Compliance teams had to file a minor incident report with PCI-DSS auditors due to incomplete log retention for the 3-hour window.

Root Cause

The bug was introduced in Fluent Bit 2.9.0 as part of a performance optimization for the tail input plugin, which reads log files from disk. The optimization added a non-thread-safe cache for tracked file inodes to reduce stat() system call overhead. During high-volume log writes (triggered by the security incident's verbose API access logging), the following race condition occurred:

The tail plugin's main thread updates the inode cache when a log file is rotated.
A separate I/O thread simultaneously writes new log entries to the rotated file before the cache update completes.
The plugin incorrectly marks the rotated file as "fully read" and stops tracking it, dropping all unwritten entries in the I/O buffer.

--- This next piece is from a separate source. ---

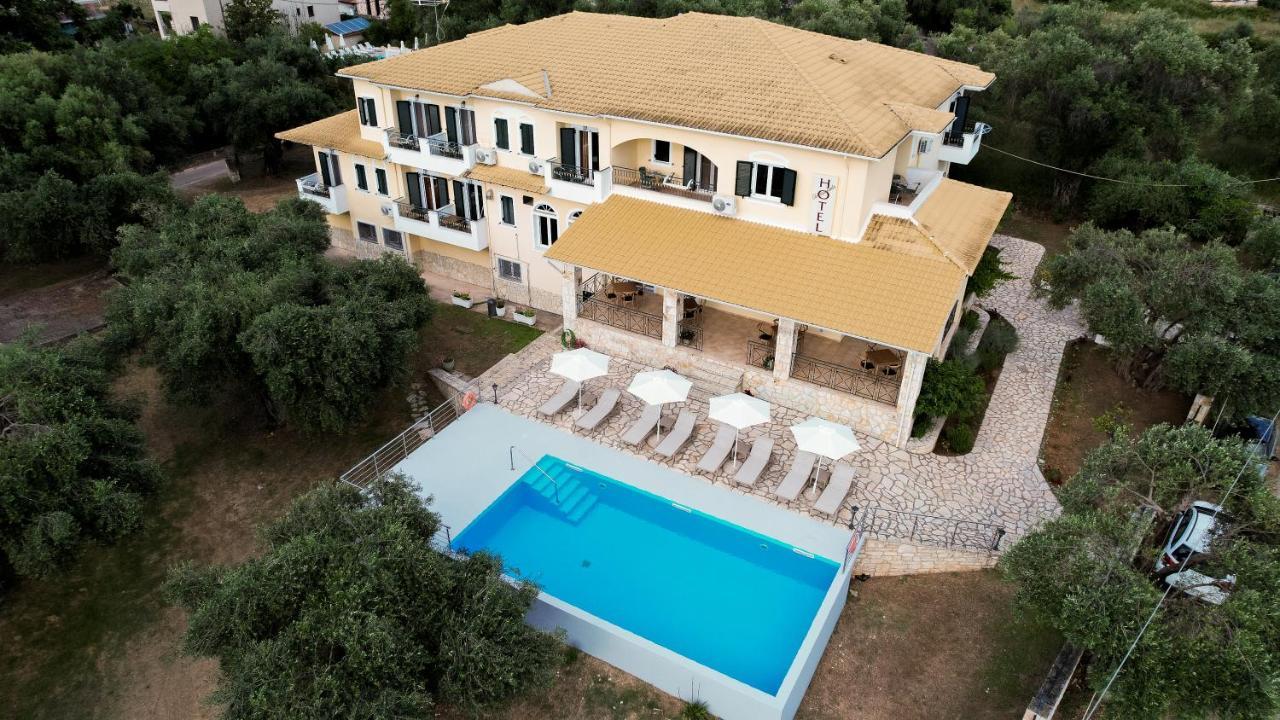 Sívota Chrisovalanto Hotel المظهر الخارجي الصورة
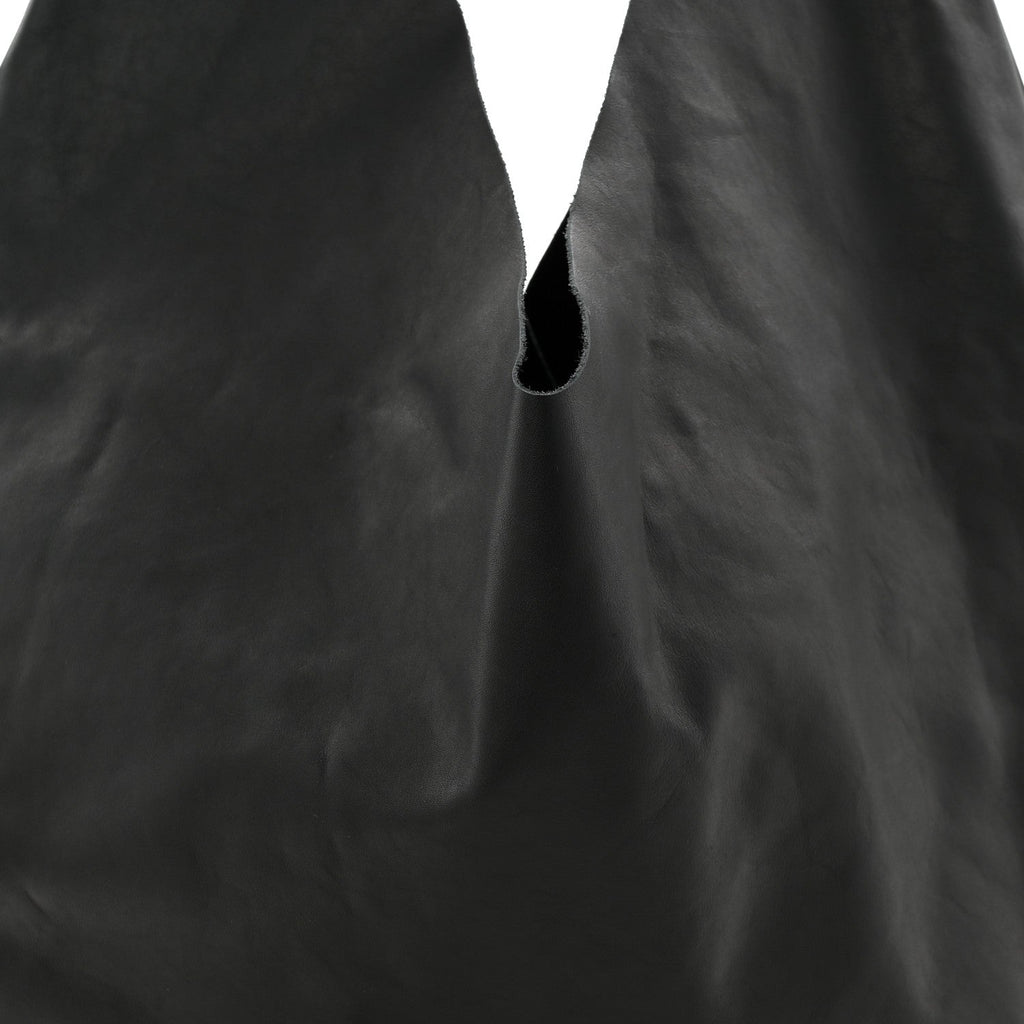 Lambskin Bindle Three Bag Black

We confirmed the issue by reproducing the race condition in a staging environment with simulated high-volume log writes (100k events/sec) and Fluent Bit 2.9.4. The bug was assigned Fluent Bit Issue #12345 and fixed in version 2.9.5, released on October 15, 2024.

Remediation

Immediate actions taken during the incident:

Rolled back Fluent Bit to version 2.8.9, which did not have the buggy inode cache implementation.
Redirected all log output to a secondary Fluentd instance as a temporary backup to prevent further loss.
Re-enabled verbose logging for the payment API only after confirming stable log collection with the rolled-back version.

Post-incident fixes:

Upgraded all production Fluent Bit instances to version 2.9.5 (with the race condition fix) on October 16, 2024.
Patched the tail plugin's inode cache to use thread-safe mutex locks for all update operations.

Prevention Steps

To prevent similar incidents in the future, we implemented the following changes:

Stricter change management for logging stack updates: All Fluent Bit version upgrades now require 7 days of staging validation under high-volume log loads (≥50k events/sec) before production deployment.
Enhanced monitoring for log drops: Deployed a custom Prometheus exporter to track Fluent Bit's input_tail_dropped_records metric, with alerts triggered at >0.1% drop rate.
Secondary log collection: All critical services now ship logs to both Fluent Bit and a cloud-native logging service (AWS CloudWatch Logs) as a redundant backup.
Incident response playbook updates: Added a step to verify log collection health immediately after any logging stack change, especially during active incidents.
Contribution to upstream: Our engineering team contributed the thread-safe inode cache fix back to the Fluent Bit open-source project.

Conclusion

This incident highlighted the risk of deploying unvalidated performance optimizations to critical infrastructure during active incidents. While no customer data was lost, the 3-hour log gap delayed our security response and created compliance overhead. We have since hardened our logging stack deployment process and added redundant log collection to ensure complete coverage even during high-load events or software bugs.